In the sequel it’s been ten years since the original.  The “Simian Flu” from Rise, which was largely confined to a sub-plot, has now wiped out massive swathes of mankind and the subsequent battles over resources have furthered whittled mankind down to a few isolated groups of survivors.  The lead group in Dawn are led by Dreyfuss (Gary Oldman in an underwritten role) and Malcom (Jason Clarke in a sympathetic role for a change).  The humans need to switch on a damn so they can use the phone.  It’s really a bit of a plot device.

The main characters are of course the apes who now live in an ordered society based around Caesar’s leadership.  Andy Serkis provides the voice and motion capture and his work is superb again, even with the higher bar of the first movie.  He’s joined by Toby Kebbel’s Koba, the Bonobo who was tortured by scientists in the first movie and is his lieutenant, harbouring some fairly justified revenge issues.

As man and ape encounter each other again, conflict rears its head as the distrustful and the vengeful on each side plot war with the other side.  The “good guys” try to work together but it’s all destined to end up in a lot of shooting, jumping and shrieking.

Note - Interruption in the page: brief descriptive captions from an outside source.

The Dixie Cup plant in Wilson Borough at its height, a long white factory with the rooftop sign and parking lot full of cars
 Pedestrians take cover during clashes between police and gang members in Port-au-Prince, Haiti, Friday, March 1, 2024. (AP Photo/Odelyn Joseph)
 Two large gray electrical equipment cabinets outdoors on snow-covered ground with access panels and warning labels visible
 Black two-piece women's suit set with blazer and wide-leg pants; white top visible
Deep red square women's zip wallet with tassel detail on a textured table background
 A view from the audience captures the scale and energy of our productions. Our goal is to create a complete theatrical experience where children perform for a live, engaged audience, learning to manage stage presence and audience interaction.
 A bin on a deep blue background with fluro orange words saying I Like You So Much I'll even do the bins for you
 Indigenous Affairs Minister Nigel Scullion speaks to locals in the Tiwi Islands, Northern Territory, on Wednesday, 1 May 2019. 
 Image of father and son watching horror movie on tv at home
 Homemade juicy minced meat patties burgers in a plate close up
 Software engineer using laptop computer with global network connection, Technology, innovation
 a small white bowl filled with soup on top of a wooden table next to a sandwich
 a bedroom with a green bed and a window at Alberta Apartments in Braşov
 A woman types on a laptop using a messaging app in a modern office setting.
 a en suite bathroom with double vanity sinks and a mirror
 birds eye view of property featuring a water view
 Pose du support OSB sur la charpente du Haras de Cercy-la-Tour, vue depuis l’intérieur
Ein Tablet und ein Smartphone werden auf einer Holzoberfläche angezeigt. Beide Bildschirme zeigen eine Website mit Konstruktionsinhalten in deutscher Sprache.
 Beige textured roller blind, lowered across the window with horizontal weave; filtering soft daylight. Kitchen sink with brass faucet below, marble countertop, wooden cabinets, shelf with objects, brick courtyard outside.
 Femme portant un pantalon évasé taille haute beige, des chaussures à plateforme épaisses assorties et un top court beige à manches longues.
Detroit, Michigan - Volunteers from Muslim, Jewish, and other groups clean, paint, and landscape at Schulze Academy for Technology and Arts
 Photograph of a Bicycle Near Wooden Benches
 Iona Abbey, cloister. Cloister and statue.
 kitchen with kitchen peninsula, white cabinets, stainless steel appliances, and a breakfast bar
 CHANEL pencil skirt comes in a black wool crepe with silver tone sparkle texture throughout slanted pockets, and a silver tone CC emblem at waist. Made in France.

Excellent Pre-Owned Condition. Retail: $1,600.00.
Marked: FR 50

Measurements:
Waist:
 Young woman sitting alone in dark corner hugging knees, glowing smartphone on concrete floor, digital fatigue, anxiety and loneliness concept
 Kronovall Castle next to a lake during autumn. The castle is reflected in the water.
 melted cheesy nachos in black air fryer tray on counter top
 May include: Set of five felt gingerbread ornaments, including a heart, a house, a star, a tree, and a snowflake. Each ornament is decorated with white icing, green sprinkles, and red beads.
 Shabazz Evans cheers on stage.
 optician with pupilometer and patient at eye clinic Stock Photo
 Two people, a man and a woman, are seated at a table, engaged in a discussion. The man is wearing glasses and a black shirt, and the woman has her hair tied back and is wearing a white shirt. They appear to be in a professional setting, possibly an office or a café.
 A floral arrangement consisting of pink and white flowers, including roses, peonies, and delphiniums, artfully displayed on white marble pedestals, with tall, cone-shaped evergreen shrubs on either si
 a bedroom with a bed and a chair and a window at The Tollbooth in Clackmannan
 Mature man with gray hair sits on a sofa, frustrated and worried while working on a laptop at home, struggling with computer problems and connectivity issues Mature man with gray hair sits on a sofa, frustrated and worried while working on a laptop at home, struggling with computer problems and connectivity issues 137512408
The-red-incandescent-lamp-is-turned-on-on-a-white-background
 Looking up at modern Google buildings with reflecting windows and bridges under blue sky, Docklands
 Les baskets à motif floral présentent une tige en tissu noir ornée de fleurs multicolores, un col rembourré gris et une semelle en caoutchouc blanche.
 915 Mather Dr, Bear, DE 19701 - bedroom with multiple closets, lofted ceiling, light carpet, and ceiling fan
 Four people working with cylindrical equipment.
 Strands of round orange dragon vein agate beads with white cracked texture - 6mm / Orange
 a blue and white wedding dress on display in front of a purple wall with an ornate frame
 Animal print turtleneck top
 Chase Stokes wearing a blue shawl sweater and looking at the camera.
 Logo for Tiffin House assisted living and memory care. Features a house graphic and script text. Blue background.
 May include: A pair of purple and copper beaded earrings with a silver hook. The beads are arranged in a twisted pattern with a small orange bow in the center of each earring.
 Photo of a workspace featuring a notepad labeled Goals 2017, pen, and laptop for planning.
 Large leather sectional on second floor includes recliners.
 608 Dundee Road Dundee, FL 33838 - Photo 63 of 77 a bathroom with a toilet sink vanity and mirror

The movie starts with a really pacey and exciting first act, largely centred on the dynamics and politics of the ape colony, which isn’t nearly as daft as it sounds.  The relationship between Koba, Caesar and Caesar’s son Blue Eyes is really interesting and well acted.  The apes largely communicate with sign and body language which is a nice touch.  The first few spoken lines by apes are well chosen and have the same sort of shock value that they did in Rise of the Planet of the Apes.

The human side of the story is less interesting.  Most of the human characters are quite dull, with the exception of Malcolm’s son played by Kodi Smit-McPhee from “Let Me In”.  The rest largely run, shout or shoot and aren’t easy to pick out in a crowd.  Gary Oldman has his moments even when he’s just jobbing like in this movie but this is a movie for the apes.

The middle act is less interesting as it’s largely to do with the repair of a damn and the growing tensions on each side.  The pace notably slows here and while it’s clear that this is where we’re building the characters up, it’s less interesting than the first and third acts.

The conflict, when it finally happens, is savage, scary and pretty violent for a 12A / PG13 movie and the imagery is pretty powerful.  Cloverfield director Matt Reeves is good at creating images that hark back to real life and his analogy to the Nazi’s and to vivisection are well done.  He’s a fine visual director but also makes sure that the story has plenty of emotional beats.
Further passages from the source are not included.